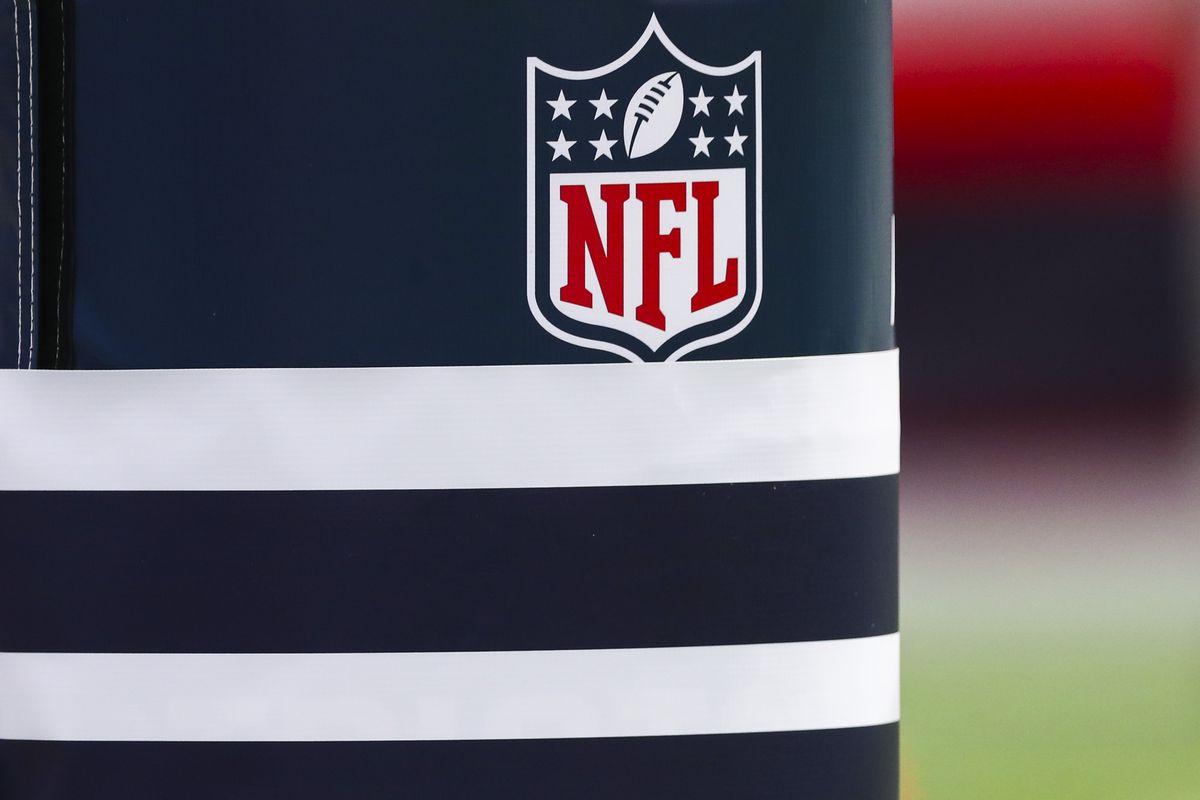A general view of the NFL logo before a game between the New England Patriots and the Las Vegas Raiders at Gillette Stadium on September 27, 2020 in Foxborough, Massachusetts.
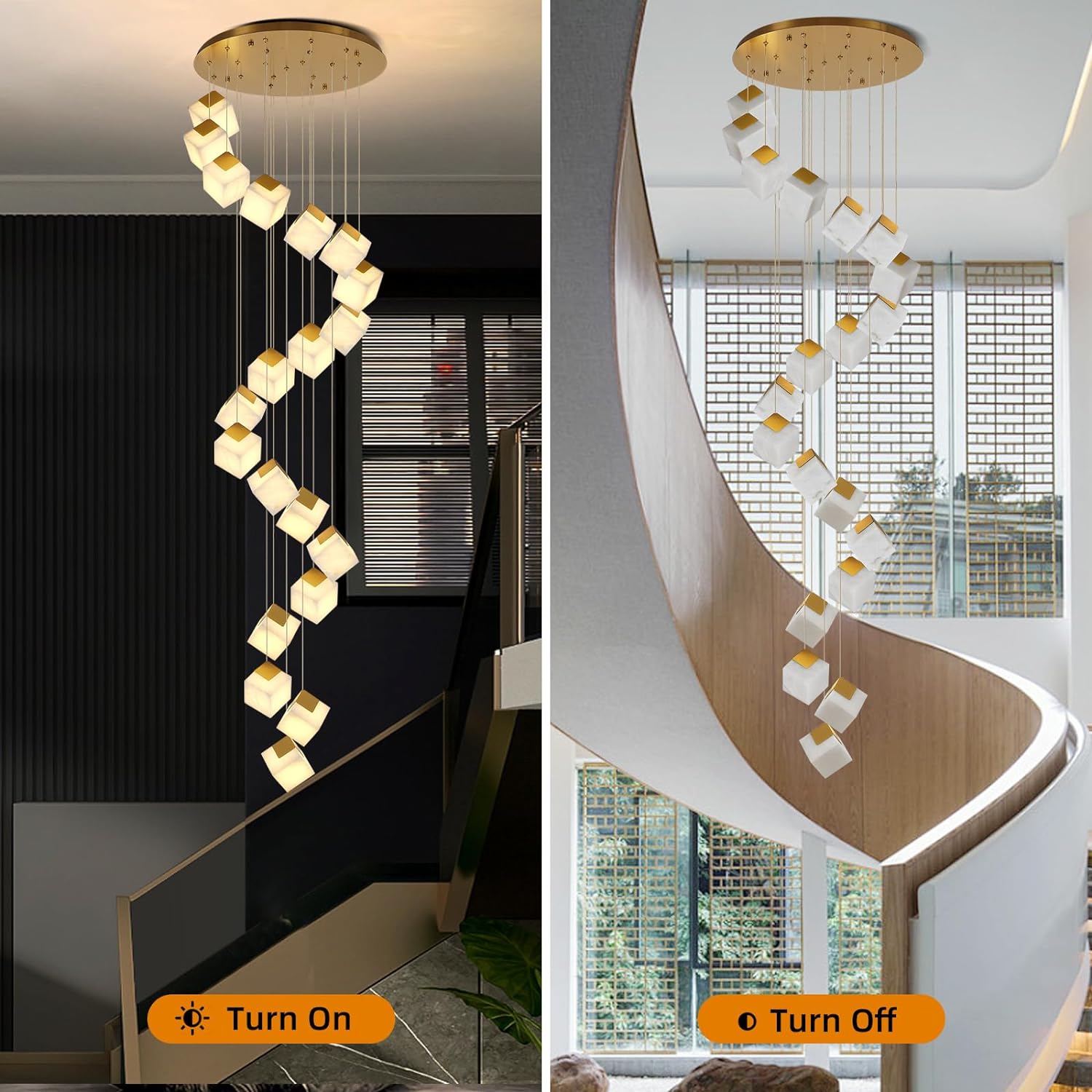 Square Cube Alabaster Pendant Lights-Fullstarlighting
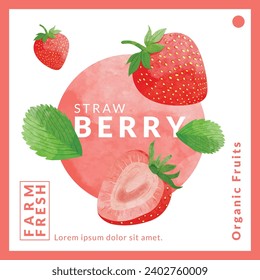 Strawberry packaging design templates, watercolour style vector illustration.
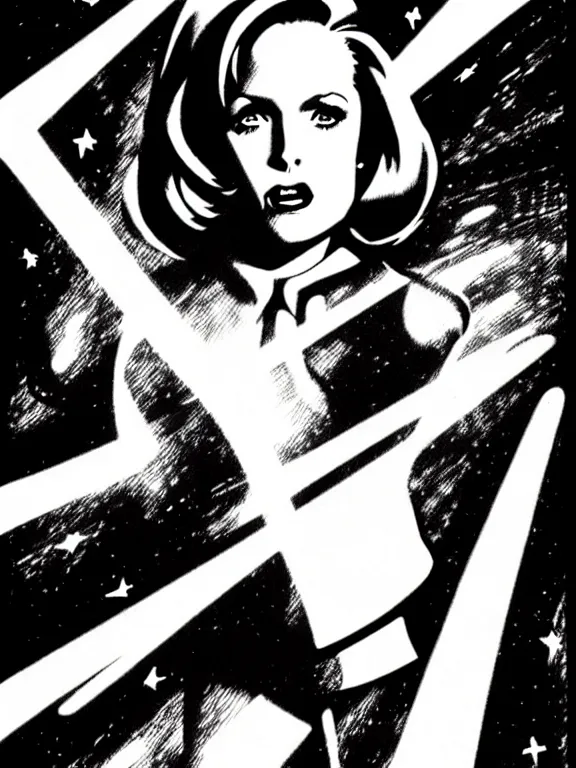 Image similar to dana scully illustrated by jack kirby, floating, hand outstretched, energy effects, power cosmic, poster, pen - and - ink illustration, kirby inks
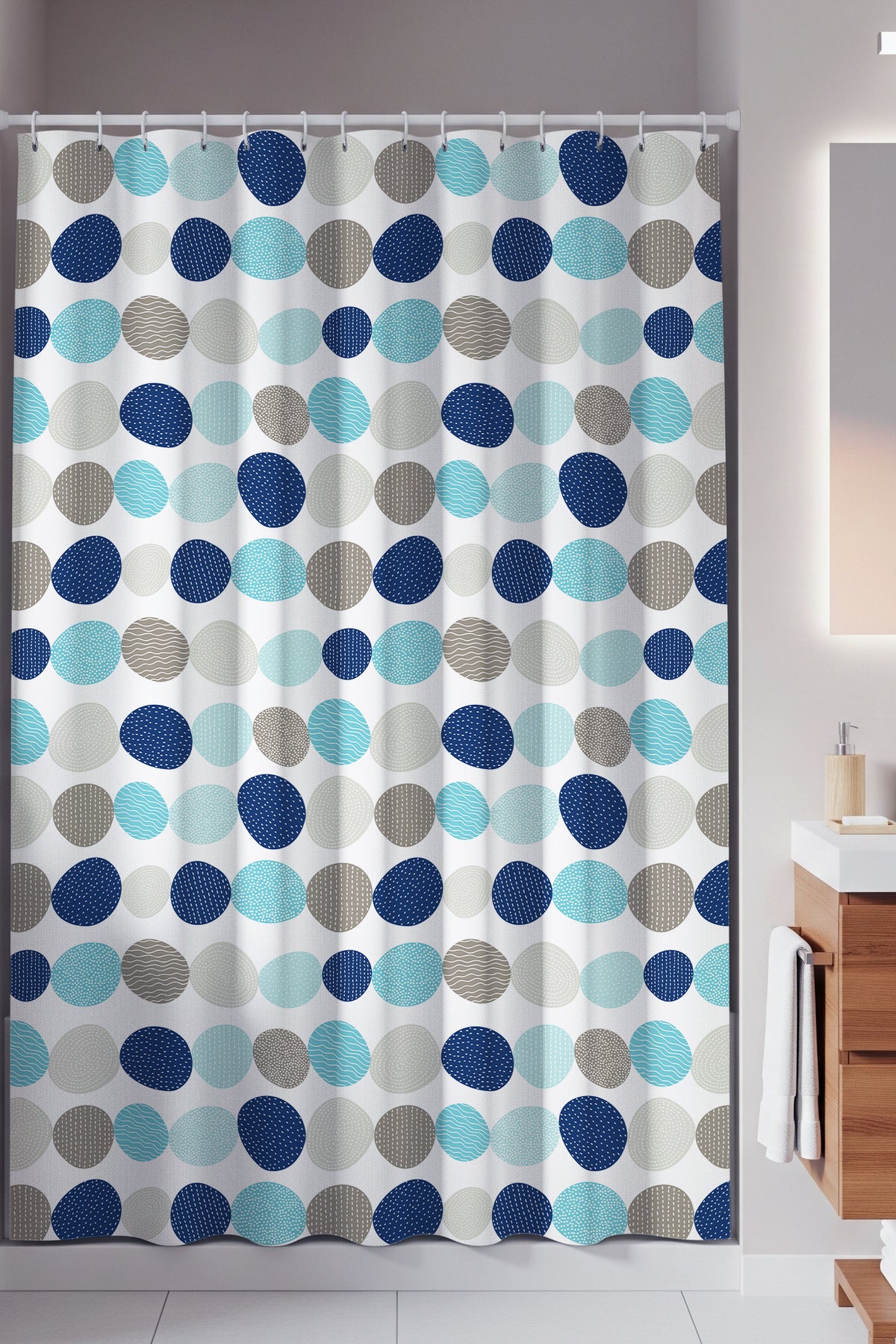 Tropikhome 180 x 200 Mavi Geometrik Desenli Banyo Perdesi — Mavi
----------------
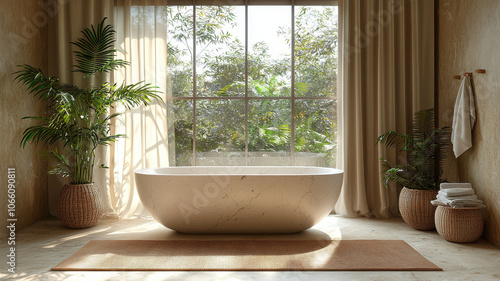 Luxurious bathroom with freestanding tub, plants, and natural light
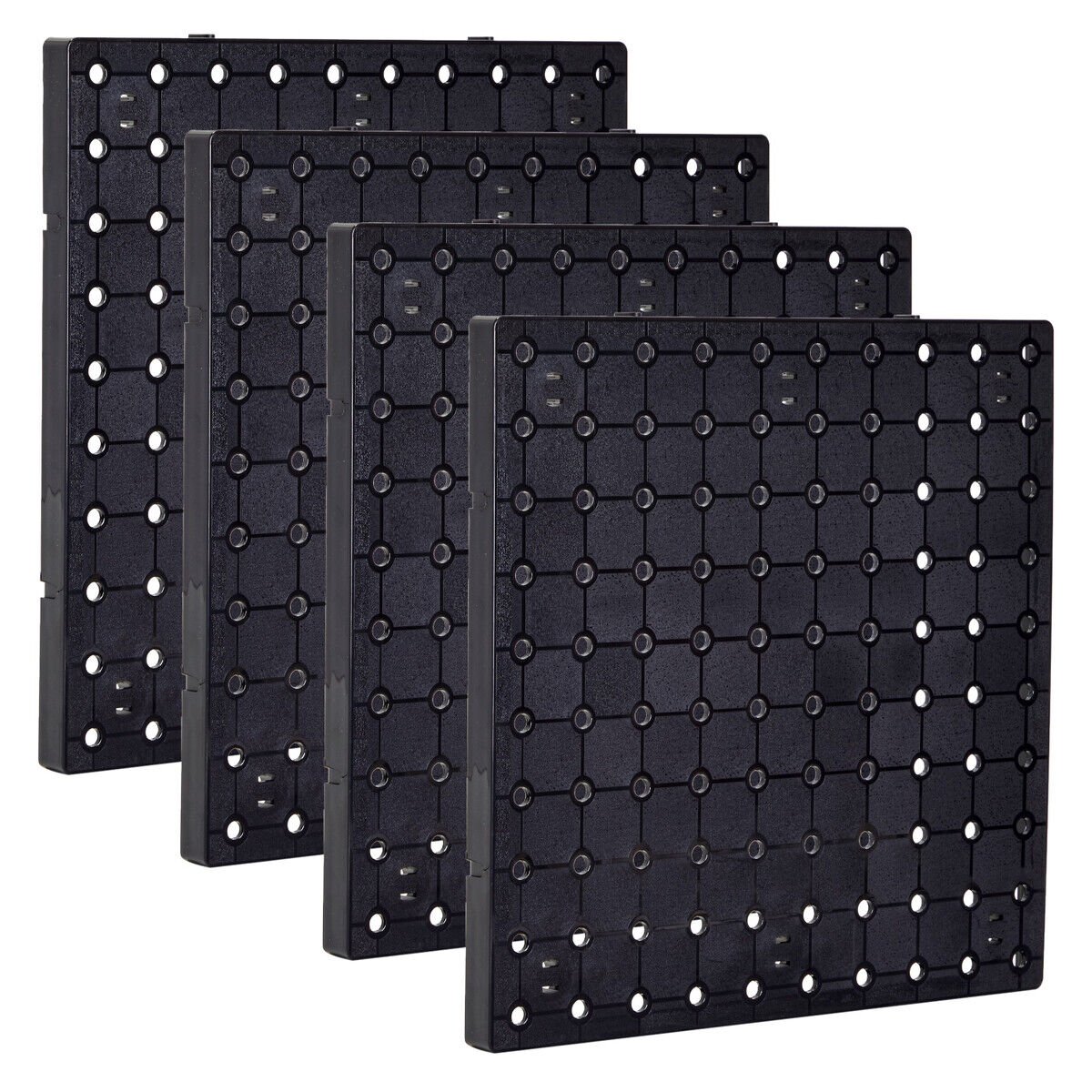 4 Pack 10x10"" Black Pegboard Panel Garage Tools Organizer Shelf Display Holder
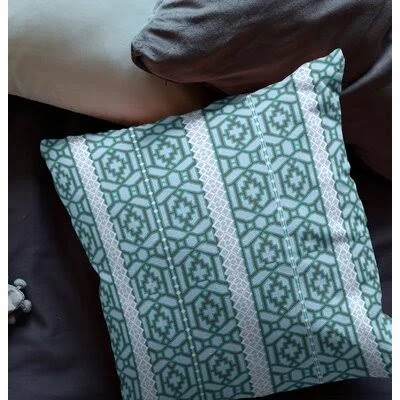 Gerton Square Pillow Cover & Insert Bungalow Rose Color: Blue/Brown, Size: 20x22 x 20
----------------
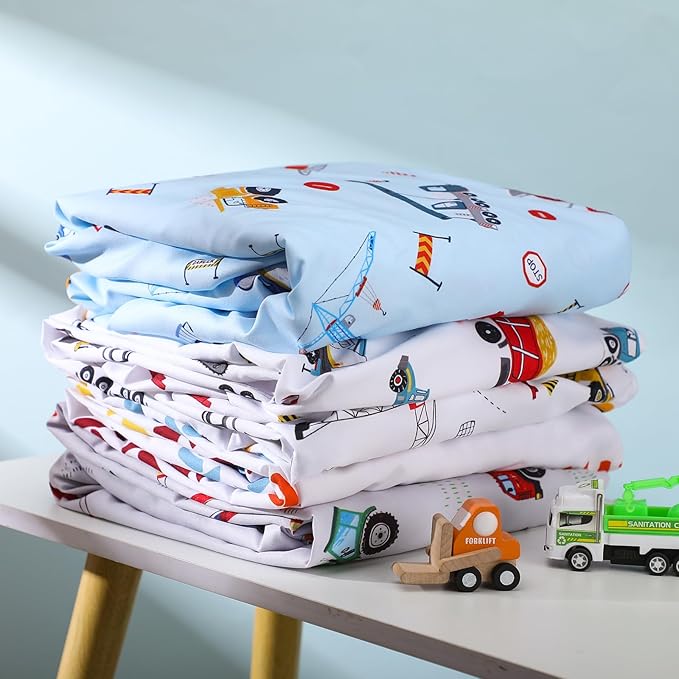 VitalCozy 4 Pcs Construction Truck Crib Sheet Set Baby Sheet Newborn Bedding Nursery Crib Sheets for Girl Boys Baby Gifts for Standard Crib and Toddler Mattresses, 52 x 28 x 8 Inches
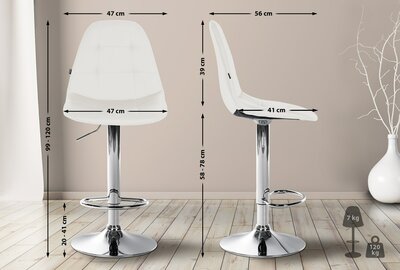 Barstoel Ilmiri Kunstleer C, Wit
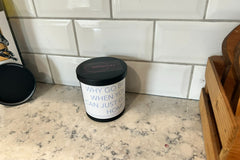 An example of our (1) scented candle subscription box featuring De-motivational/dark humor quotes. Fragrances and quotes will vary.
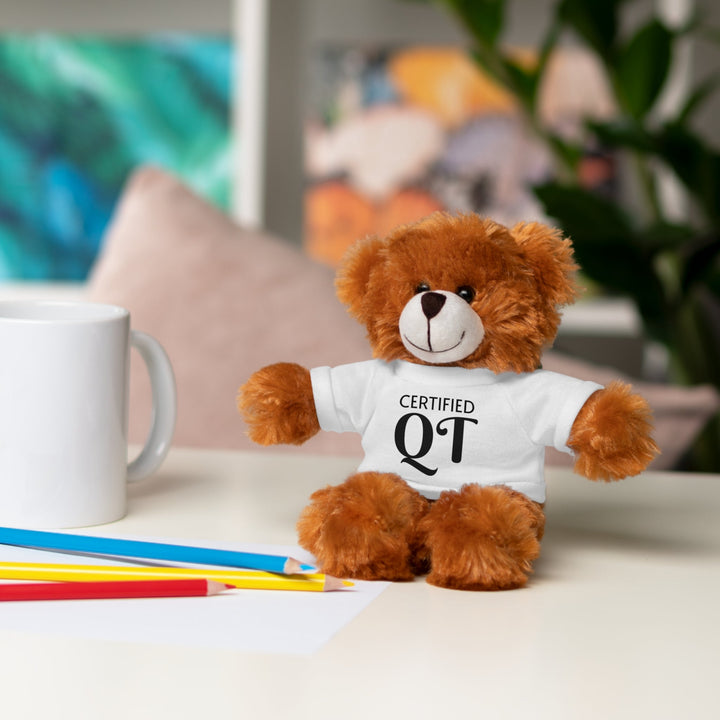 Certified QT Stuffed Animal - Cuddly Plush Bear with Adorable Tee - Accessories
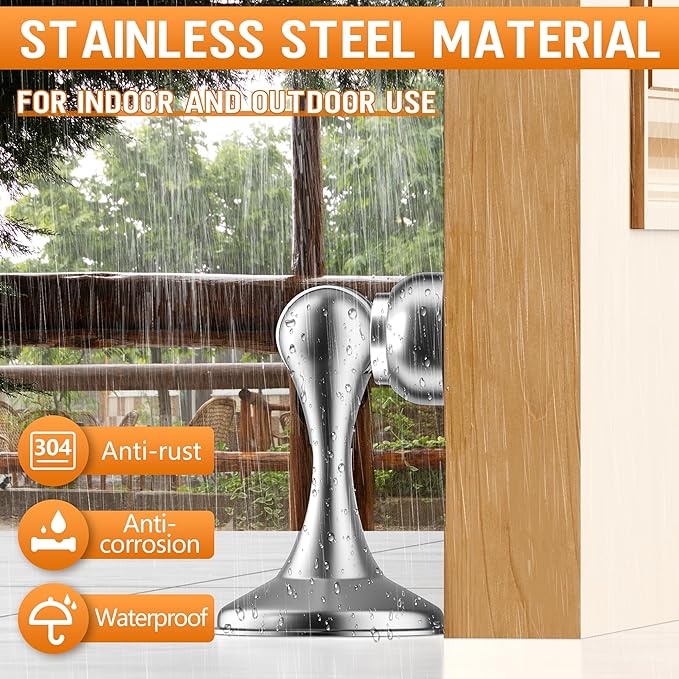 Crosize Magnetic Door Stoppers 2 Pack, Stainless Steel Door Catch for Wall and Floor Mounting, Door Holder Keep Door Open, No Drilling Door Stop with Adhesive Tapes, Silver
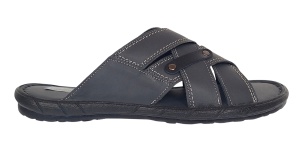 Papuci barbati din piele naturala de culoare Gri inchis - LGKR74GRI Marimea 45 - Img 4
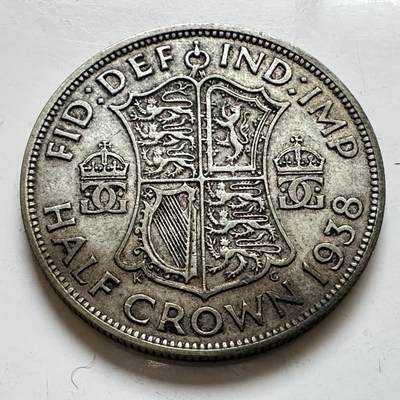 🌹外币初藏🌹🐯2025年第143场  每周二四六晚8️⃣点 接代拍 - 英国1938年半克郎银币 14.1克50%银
----------------
_Exercise requirements_
Write out the lines above from the one with "Shelf Display Holder" through the one with "Gerton Square Pillow", ends included, exactly; no picture goes in.

_Exercise solution_
 4 Pack 10x10"" Black Pegboard Panel Garage Tools Organizer Shelf Display Holder
 Gerton Square Pillow Cover & Insert Bungalow Rose Color: Blue/Brown, Size: 20x22 x 20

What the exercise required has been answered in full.